The core of Pfeiffer´s situation consists in approaching the human individual as an active element continuously confronted with sets of either external or internal rules, as well as with a specific set of personal aspirations and capacities geared towards actually making rules, with a view to getting a proper grasp of things. For Pfeiffer, a model situation is represented there by the act of entering into landscape and its ensuing structuring by choreographed individual or collective human movement. The movement he has in mind can be either internal (driven by decision-making, alternative choice, and physical impulses), or external, in terms of actual space-related definitions of direction or limitation. In real life, different strategies and different institutions happen to construct landscape using diverse instruments of mobility. The surface of landscape-as-material-object, with its embedded content of deposited strata of minerals and soil, is overlaid by sediments of ambition and power taking the forms of instructions, restrictions and control mechanisms.
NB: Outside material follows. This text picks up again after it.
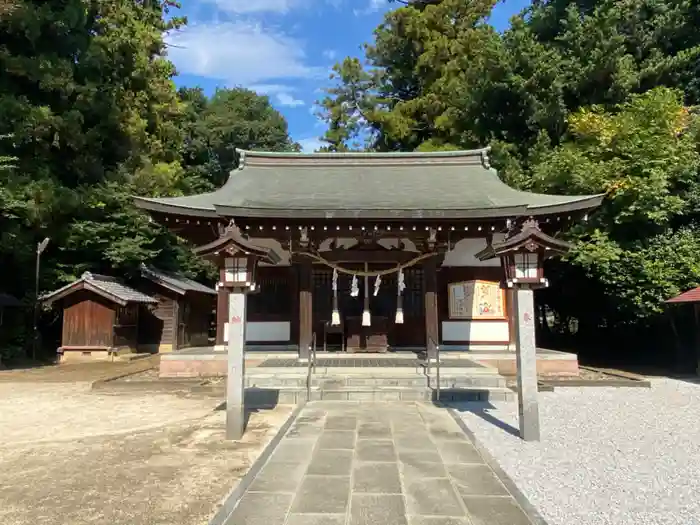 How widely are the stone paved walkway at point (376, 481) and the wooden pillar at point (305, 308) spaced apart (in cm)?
361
The amount of space available for the manifestation of (predominantly physical) movement has been dwindling, for the sake of unidirectional corridors of action which ultimately set the rules. The actual width of the corridors within which we are able to structure our movement ultimately depends on our choice of the game which we have decided to play, or which we have been made to play.
By his own choice of a staged and choreographed approach, however, Pfeiffer focuses primarily on the question of individual, internal action, using the device of animating the spectator´s movement through the physical space of the gallery. There, the unconditional repetition of the sinusoid (i.e., the rule) in the form of landscape sketches of the morphology of hill-shaped reliefs in black-and-white ink drawings (diversifying this formal limitation by varying contents) in the gallery´s first section confronts the spectator with the need to make a decision: namely, whether or not to try and force their way past this large object wedged between the gallery´s walls. The suggestion of this kind of formal openness involving the need to enter the work in the literal, physical sense, enables Pfeiffer to set into motion a simulation of the decision-making process, complete with its elements of determination and taking the first step. Letting into play the physical experience of bowing one´s head, an action required for getting through and past the object, he moreover achieves a visualization of a metaphor of humility vis-a-vis this “rite of passage” to the physical experience of a rule.
The show´s second section opens up before the spectator the sight of a more loosely structured composition featuring instances of variation and plurality, as well as symbiosis of different rules (either formal, or content-wise) applied to one thing. An interesting role is played here by two photographs of hands which, as metaphors of “grasping”, point to the cognitive fact that form alone can be instrumental in decision-making, offering itself as a “perceived alternative,” showing the way. Similarly, what was initially a comparatively inaccessible landscape is now seen for the first time from the other side, where it is treated in an entirely different way. In the exhibition´s last room, the original thing is divided, detached from the rules of form, turned inside out, its averted sides now giving shape to a new landscape element: a corridor, or fissure, which at its far end sets in motion a dialogue-style play of rules involving the use of a six-minute short film re-enacting the movements and unaccomplished conversation between two actors who stand in “the same place”, without ever actually meeting. It may seem that the installation´s end point thus suggests the idea of a unified, communal use of a particular space, the aspiration to a union which, however, is for the time being still unattainable.